Beat, Anfang 50 und Mitorganisator des Vagabundenkongresses 2020 in Berlin (bruchstücke berichtete), beschreibt es folgendermaßen: „Aber die Sache mit dem Geld ist auch etwas in meinem Leben, dass ich versuche, meine Ausgaben für meine Fixkosten möglichst gering zu halten. Und das finde ich, gibt schon eine Freiheit. Ich habe kein Auto, ich kaufe meine Klamotten bei Humana oder finde sie irgendwo, ich kaufe eigentlich nie was, das war schon immer so.“
Dirk, Anfang 40, lebt und arbeitet mit seiner Partnerin in Berlin und Gomera.

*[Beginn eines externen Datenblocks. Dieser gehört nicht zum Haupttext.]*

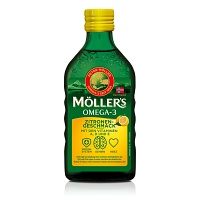MÖLLER\'S Omega-3 Zitrone Öl - 250ml - Leaky-Gut-Syndrom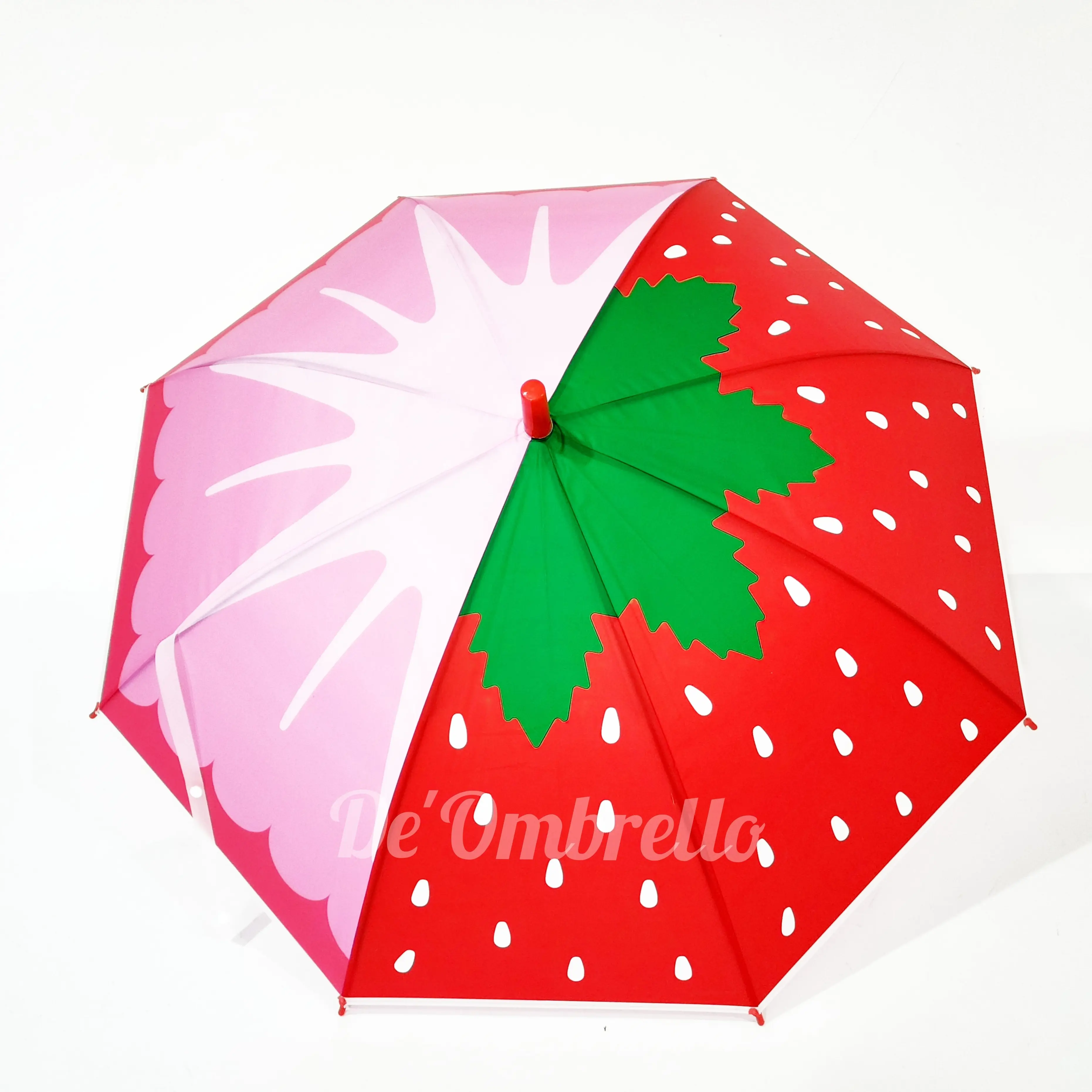 (007F) Payung PVC 8 Sisi Motif Mix Fruits/Payung Tongkat/Payung PVC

Dort bewohnt er mit seiner Partnerin und seiner Tochter ein Strandhäuschen, welches einer deutschen Frau gehört, die sich auf der kanarischen Insel niedergelassen hat. Sie verdienen ihren Lebensunterhalt hauptsächlich dadurch, dass sie einen Online-Shop für ökologische Produkte führen. Dirk scheint die These, dass wenige Ausgaben zu Freiheit führen, zu untermauern, wenn er sagt: „Die Lebenshaltungskosten sind geringer. Das schafft natürlich die Freiheit, dass ich dann dafür auch weniger arbeiten muss, um mein Geld zu verdienen.“
Auch Max ist Anfang 40. Er bewohnt zur Zeit in einer Gartenlaube auf dem Grundstück seiner Mutter. Er lebte u. a. ein paar Monate im Auto, abgestellt auf einem öffentlichen Platz in Berlin-Prenzlauer Berg und auch mal ein paar Monate in einem Zelt in der Nähe des Berliner Hauptbahnhofs. Den Entschluss, in ein Zelt zu ziehen, fasste er, „im Prinzip mit dem Moment, als die Firma so richtig erfolgreich war, das war die Ironie, (…) mit dem Moment wollte ich nur noch meine Freiheit, das heißt, Leute, die mich nicht so gut kannten, haben mich alle komisch angeguckt und meinten‚ warum gehst du jetzt, jetzt, wo du richtig Kohle machen kannst?‘ (…)Ich hab’s genossen. Ich habe diese Freiheit genossen. Ich habe das Draußensein genossen.“
Richard, Ende 50, war über die Hälfte seines Lebens wohnungslos. Er hat diese Wohnungslosigkeit aber nun hinter sich gelassen. Ich frage ihn, „was würdest du sagen, das fehlt dir jetzt, das du in den 30 Jahren hattest und jetzt nicht mehr?“. Er antwortet: „Was mir fehlt, ist die Freiheit, unbeschwert das Leben zu leben. Diese räumliche Distanz. Heute hier, morgen dort. Diese Ungezwungenheit. Du bist nicht gezwungen, irgendetwas Bestimmtes jetzt tun zu müssen oder machen zu müssen, sondern du bist ungezwungen, eben frei. Du kannst jeden Tag neu entscheiden. Willst du jetzt nochmal einen Tag länger bleiben oder willst du einfach wieder weitermachen? (…) Das Gefühl der Freiheit oder wirklich frei zu sein. Verantwortung nur für dich selbst und deines Gleichen tragen zu dürfen (…). Das ist das wahre Nomadenleben, dieses Einzelgänger-Leben. Ich bin zwar heute immer noch Einzelgänger und im Grunde lebe ich wie ein Nomade. Ich habe zwar jetzt eine Wohnung und wenn ich mal für paar Tage weg bin, habe ich ein billiges Pensionszimmer. Aber im Grunde bin ich lieber für mich alleine. Einsamkeit ist die Quelle meiner Resilienz. Weißt du, was für mich Einsamkeit bedeutet? Einsamkeit bedeutet für mich, inneren Frieden und innere Freiheit“.